Before dawn on June 6, Russia launched a large strike on Kyiv, killing at least three people and injuring another 17, according to the city’s mayor. Other Russian attacks reportedly injured 11 people in Ternopil and 27 in Lutsk. The Ukrainian military reported that Russia launched a total of 407 drones and 44 missiles.
On its Telegram channel, Russia’s Defense Ministry called the strikes a “response to the terrorist acts by the Kyiv regime.” Kremlin spokesman Dmitry Peskov used similar language, telling reporters on Friday that “everything happens within the framework of the special military operation.” Peskov argued that Russian operations in Ukraine are a “daily” retaliation for actions by Kyiv, which he said has now “taken on all the characteristics of a terrorist regime.”
Journalists at Agentstvo studied reactions from Z-bloggers and found consternation at claims that the June 6 attacks were anything special. Several writers noted that Russia launched even more drones at Ukraine on June 1, hours before Operation “Spiderweb.”
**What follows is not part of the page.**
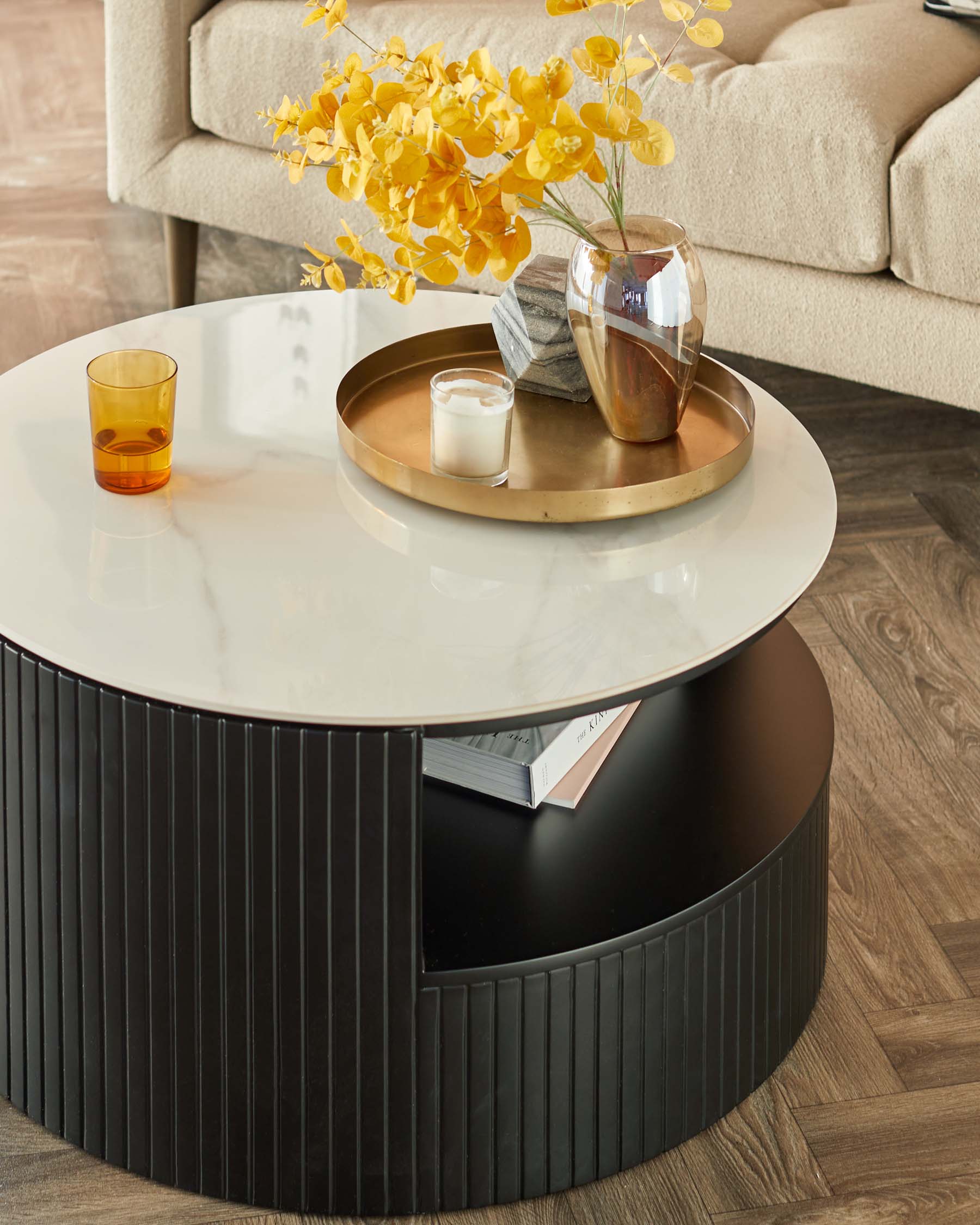 Coffee Table Ceramic with Wood for Modern Living Spaces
“Yet another routine ‘Geranium’ [Shahed 136] drone and missile strike on Ukraine — not yet payback, just continuing the march to victory,” wrote Kursk blogger Roman Alekhin to his nearly 175,000 subscribers on Telegram. “The response will definitely be larger-scale and more dramatic. Right now, this is about finding and taking out their air defenses, so when the big retaliation happens, more of the ‘special deliveries’ find their targets and fewer civilians get hurt.”
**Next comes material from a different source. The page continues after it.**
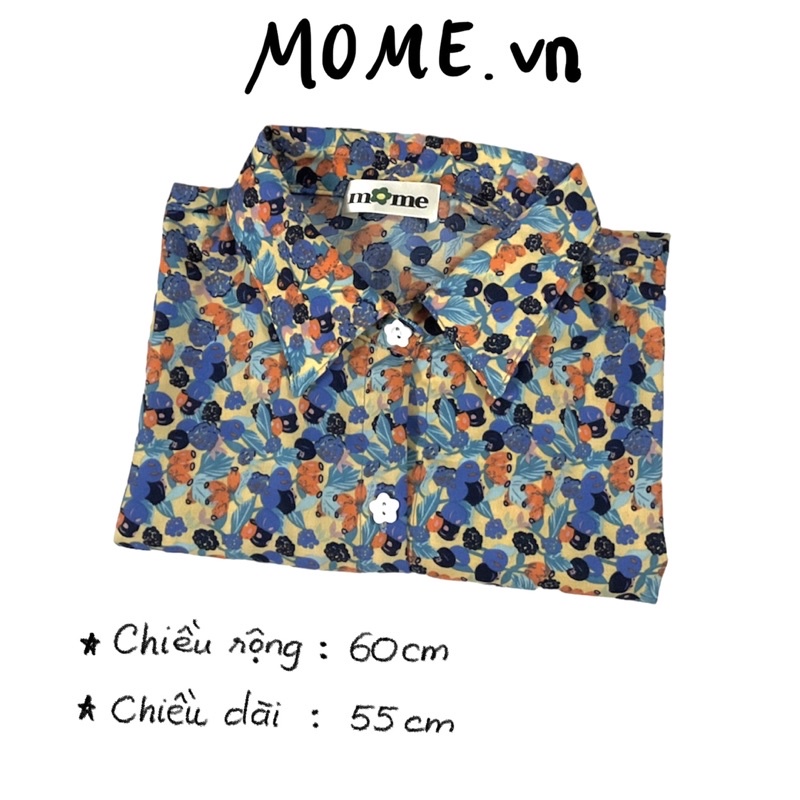 Sơ mi hoạ tiết Vintage tay ngắn ll 1 bên túi ll Dáng Croptop Oversized - MOME.VN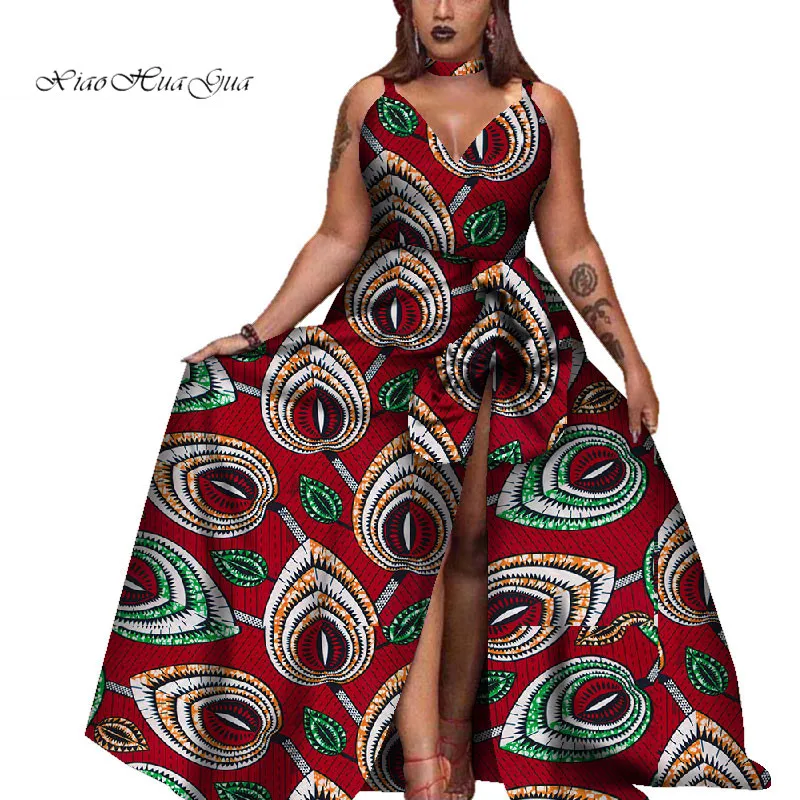 Ожерелье африканские платья для женщин Африканский Принт без рукавов вечерние платья Дашики размера плюс женская одежда 6XL WY4313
“Basically, it was nothing super crazy (despite all the evening scare tactics). Even the number of drones they used wasn’t record-breaking,” wrote Yury Podolyaka (whose audience exceeds 3.1 million subscribers).
The Telegram channel ZHIVOV Z (111,000 subscribers) noted that Russia’s nighttime launches included a successful Iskander strike on a Patriot air defense system outside Kyiv, but the channel likened the attack to dozens of past operations. “Let’s hope the devastating revenge strike is still coming,” ZHIVOV Z wrote.
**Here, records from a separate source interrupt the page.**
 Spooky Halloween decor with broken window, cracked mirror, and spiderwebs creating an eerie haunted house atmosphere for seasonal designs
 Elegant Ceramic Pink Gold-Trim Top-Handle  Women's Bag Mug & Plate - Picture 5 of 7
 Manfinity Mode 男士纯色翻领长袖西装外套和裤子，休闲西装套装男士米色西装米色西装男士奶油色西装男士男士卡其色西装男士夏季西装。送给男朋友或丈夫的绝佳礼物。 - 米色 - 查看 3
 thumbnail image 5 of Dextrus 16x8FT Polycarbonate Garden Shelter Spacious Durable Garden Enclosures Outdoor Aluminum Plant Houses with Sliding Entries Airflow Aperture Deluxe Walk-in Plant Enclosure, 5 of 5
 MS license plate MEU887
VGTRK state media employee Alexander Sladkov asked his 839,000 subscribers why Russia isn’t conducting more sabotage attacks against Ukraine’s military and industrial facilities. “I know for certain that we can and know how [to do it],” he wrote, adding that he doesn’t understand why Russia doesn’t simply “knock out Ukraine's entire energy system at once.”
Operation “Spiderweb” targeted Russian air bases in at least five regions on June 1. Available evidence suggests that Moscow may have lost up to 10 percent of certain aircraft types. Kyiv claims to have hit 41 strategic aircraft. President Volodymyr Zelensky said preparations for the surprise operation began 18 months prior. He stated that “Spiderweb” was coordinated from inside Russia, at an “office” near one of the Federal Security Service’s regional headquarters. “This represents our most extensive long-range operation to date. Of course, we can’t reveal everything now, but these Ukrainian actions will definitely be in the history books,” Zelensky said, calling the operation’s result “absolutely brilliant.”